For gut lovers only

Edited: January 10, 2019, 8:07 PM · I put on that set of strings I was saving, which I mentioned a while somewhere. .90 mm wound G, 1.20 mm pistoy D, and 0.86 mm A.
It's really an excellent combination. It has a lot of power but can be gentle, too—the gut isn't so stiff it's hard to play. Obviously such thick strings are a little harder to get started, but you don't even notice after a few days. Plus, my bow's about due for a rehair anyways, so there's that.
I think the G and A are just slightly too tight for me (I think a .88 G and .84 A would be perfect), but that pistoy D...
The pistoy string is really something amazing. It's like three tiny E strings twisted into one massive D string. I was bit worried about it being heavy, but the pistoy twist has so much more air in the structure it isn't as dense as it appears at first glance. Over a few days (it takes a lot longer than normal strings to stretch), it pulls together and shrinks in diametre. It also takes on a bit of a ropey texture, but it's not distracting while I play. The twist also looks gnarly, but it disappears when you oil the string. It just blends into in large mass of gut.

Anyways. That's some geeking out for the gut string lovers. I really recommend putting your own sets together instead of buying the one-size-fits-all sets like Tricolores. You can find the ideal combination.

Replies (3)

January 10, 2019, 8:31 PM · bought a 1788 Johann Gottfried Kessler, Markneukirchen violin with original transition neck, not grafted. Supposed to arrive today from UK but its late, may not come till tomorrow, plan to fix it up baroque/transition
January 11, 2019, 11:47 AM · As a constant challenger to the "tried and true for its own sake" ideal, and a genuine lover of gut string tone, I still prefer to stick to the more "standard" tensions. Which is not to say you should be as conservative as I am with string gauge and/or tension.

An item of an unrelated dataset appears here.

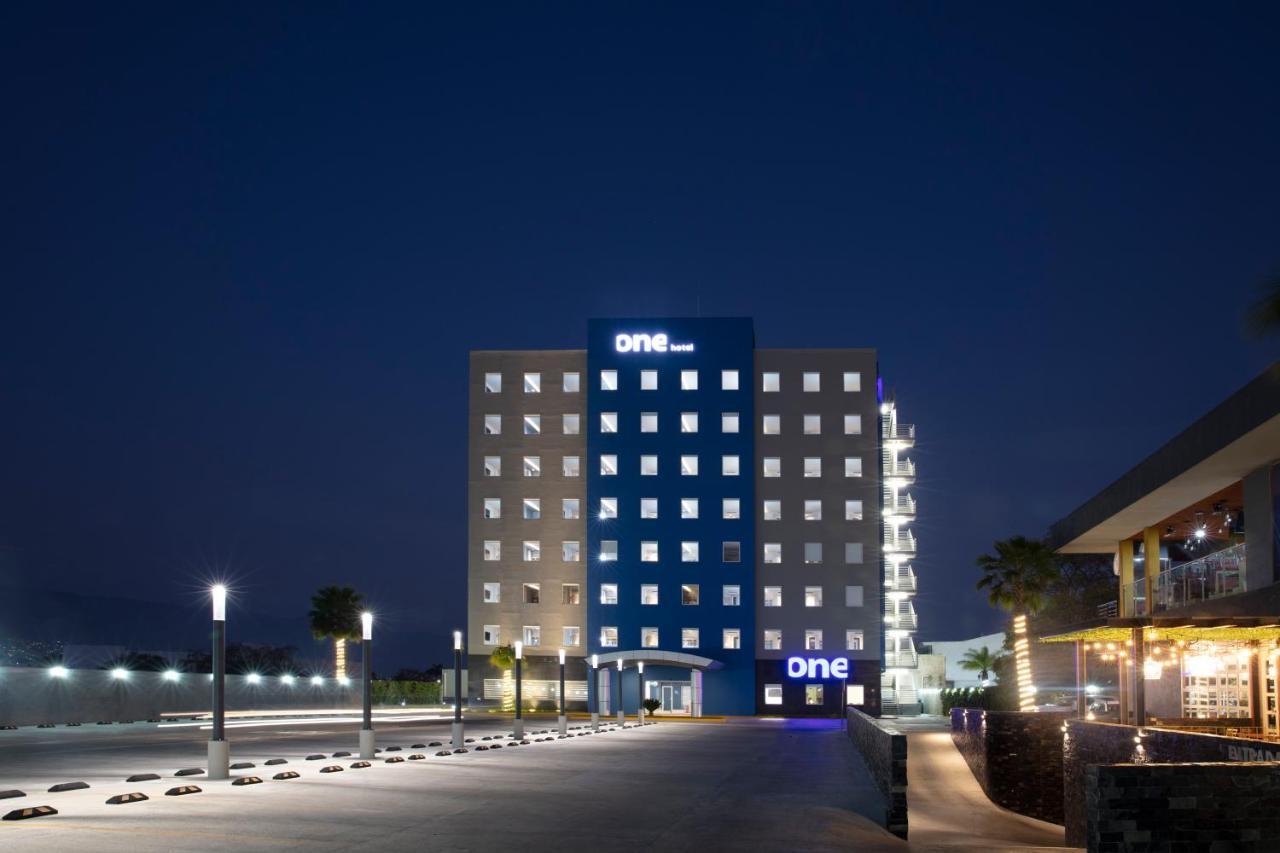 One Tuxtla Gutierrez Hotel Exterior photo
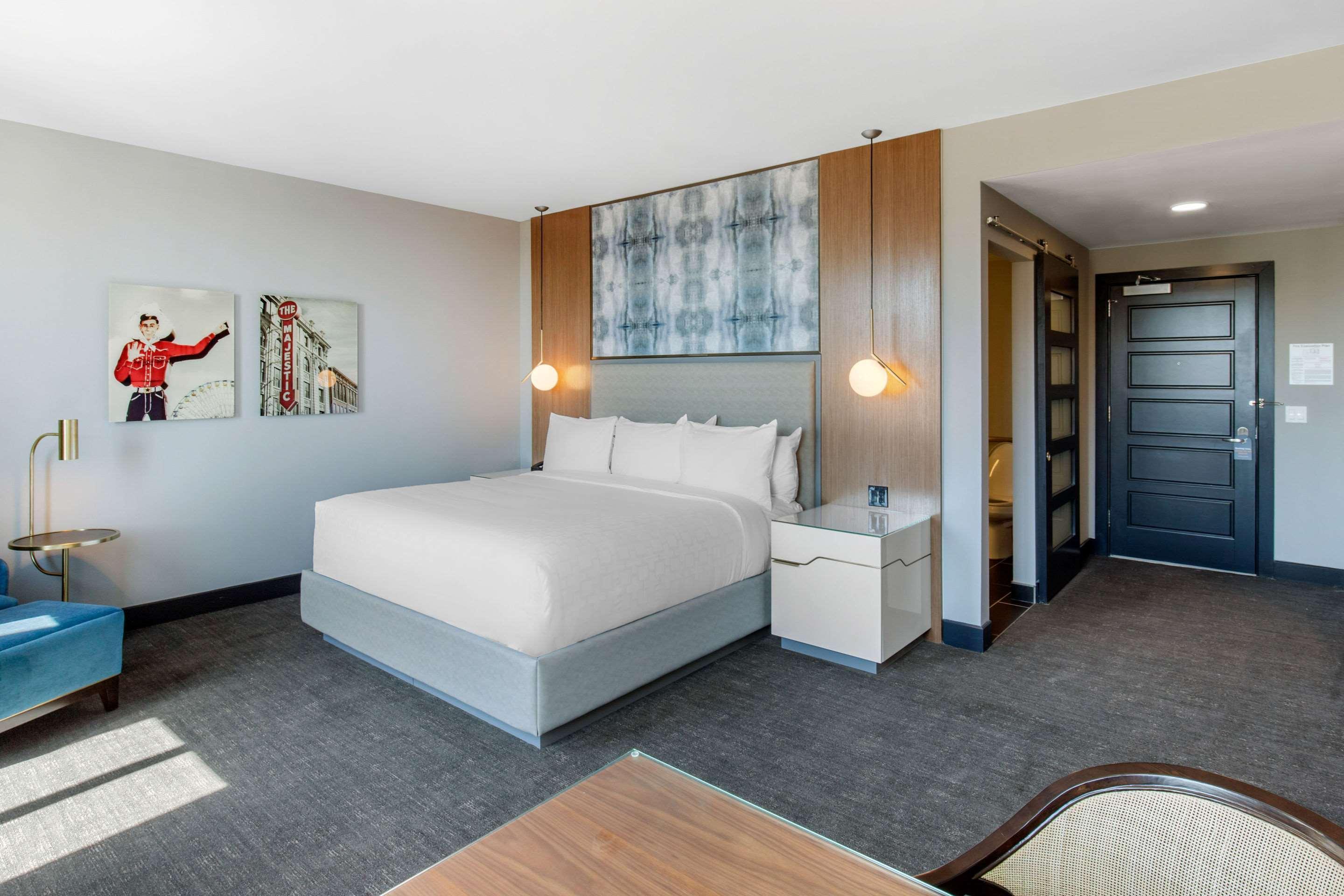 Hotel Renaissance Saint Elm Downtown 4*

I do find some of the early Eudoxa (not to mention, Chorda) string tensions too relaxed, and wondered what was the idea behind this tendency back then. I doubt *every* player in the world had a light, speedy stroke back in the day

The current tendency is for too tight tensions nowadays. A balance is necessary-as far as I see it, at least.

Edited: January 11, 2019, 5:25 PM · I find the most popular "tried and true" gut strings are fine, but obviously adapted to be more accessible to someone coming from synthetic or steel strings. A lot of people don't like gut because they just switch strings and expect everything to work; it needs a bit of a change of setup and technique. Historically, gut strings were a fair bit heavier than the standard gut set today.